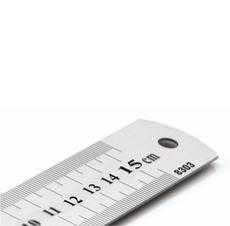 Линия метална 15 см- снимка отблизо, 15 см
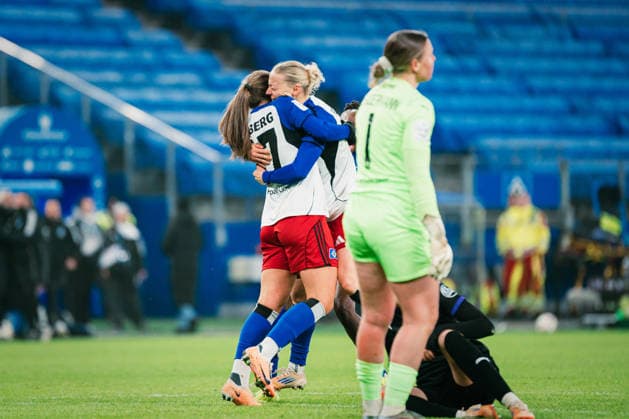 Google Pixel Frauen-Bundesliga: Hamburger SV vs. SGS Essen, 25.01.2026 TOR, JUBEL zum 1:0 durch Sophie Hillebrand (Hamburger SV, 22); Fußball, Google Pixel Frauen-Bundesliga, 15. Spieltag: Hamburger SV vs. SGS Essen am 25.01.2026 im Volksparkstadion, Hamburg DFB REGULATIONS PROHIBIT ANY USE OF PHOTOGRAPHS AS IMAGE SEQUENCES AND OR QUASI-VIDEO. Copyright: xBEAUTIFULxSPORTS Tonhäuserx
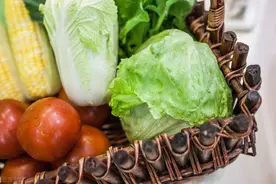 用胶带捆绑的蔬菜含有大量甲醛？对人体有害还致癌？告诉你真相图片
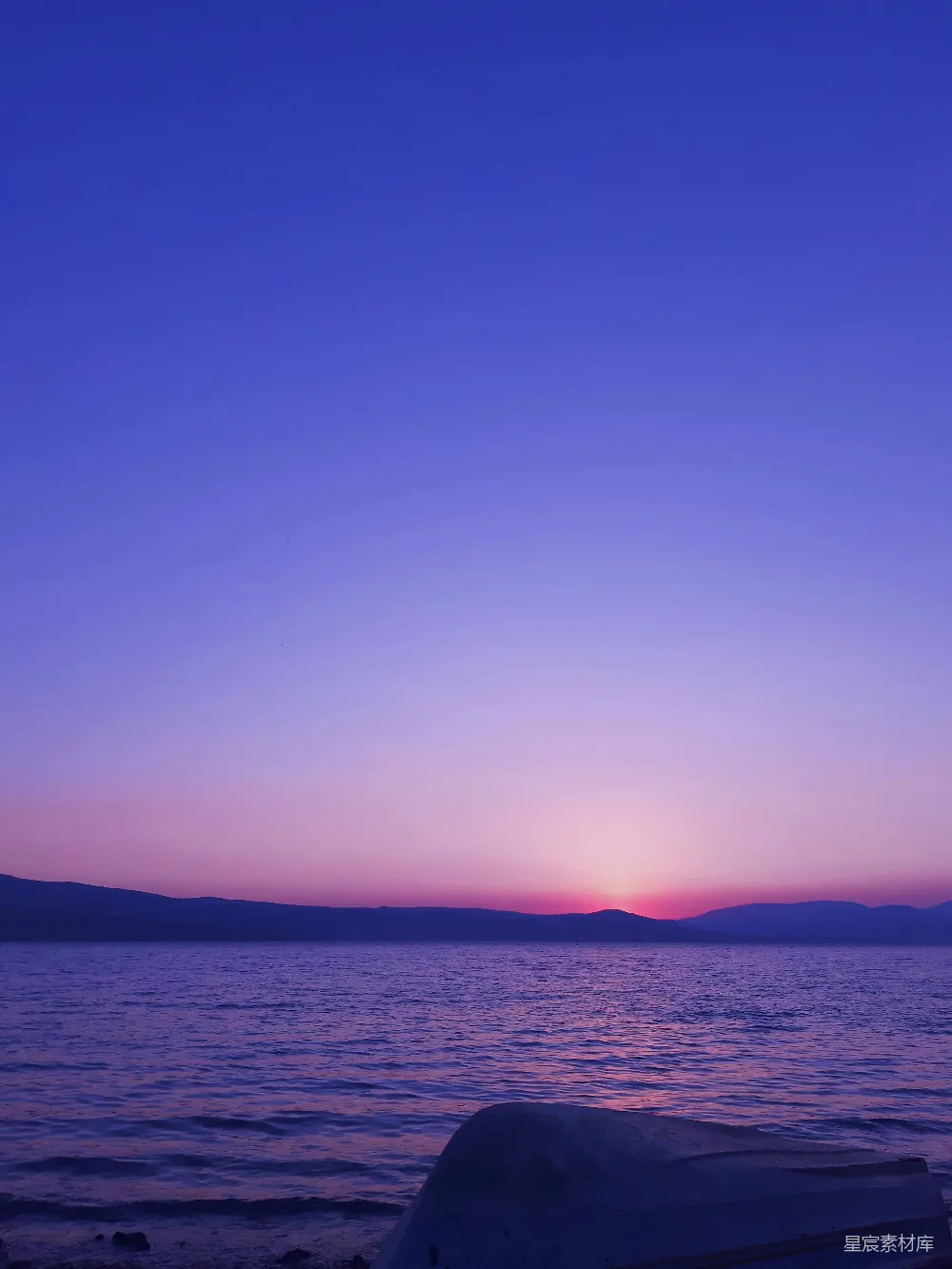 高清摄影 湖景 日落 宁静 自然 风景 暮色湖畔的静谧时光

Problem ▸
An exact, picture-free copy of the listing above is the goal; write it out now.

Solution below ▸
 Линия метална 15 см- снимка отблизо, 15 см
 Google Pixel Frauen-Bundesliga: Hamburger SV vs. SGS Essen, 25.01.2026 TOR, JUBEL zum 1:0 durch Sophie Hillebrand (Hamburger SV, 22); Fußball, Google Pixel Frauen-Bundesliga, 15. Spieltag: Hamburger SV vs. SGS Essen am 25.01.2026 im Volksparkstadion, Hamburg DFB REGULATIONS PROHIBIT ANY USE OF PHOTOGRAPHS AS IMAGE SEQUENCES AND OR QUASI-VIDEO. Copyright: xBEAUTIFULxSPORTS Tonhäuserx
 用胶带捆绑的蔬菜含有大量甲醛？对人体有害还致癌？告诉你真相图片
 高清摄影 湖景 日落 宁静 自然 风景 暮色湖畔的静谧时光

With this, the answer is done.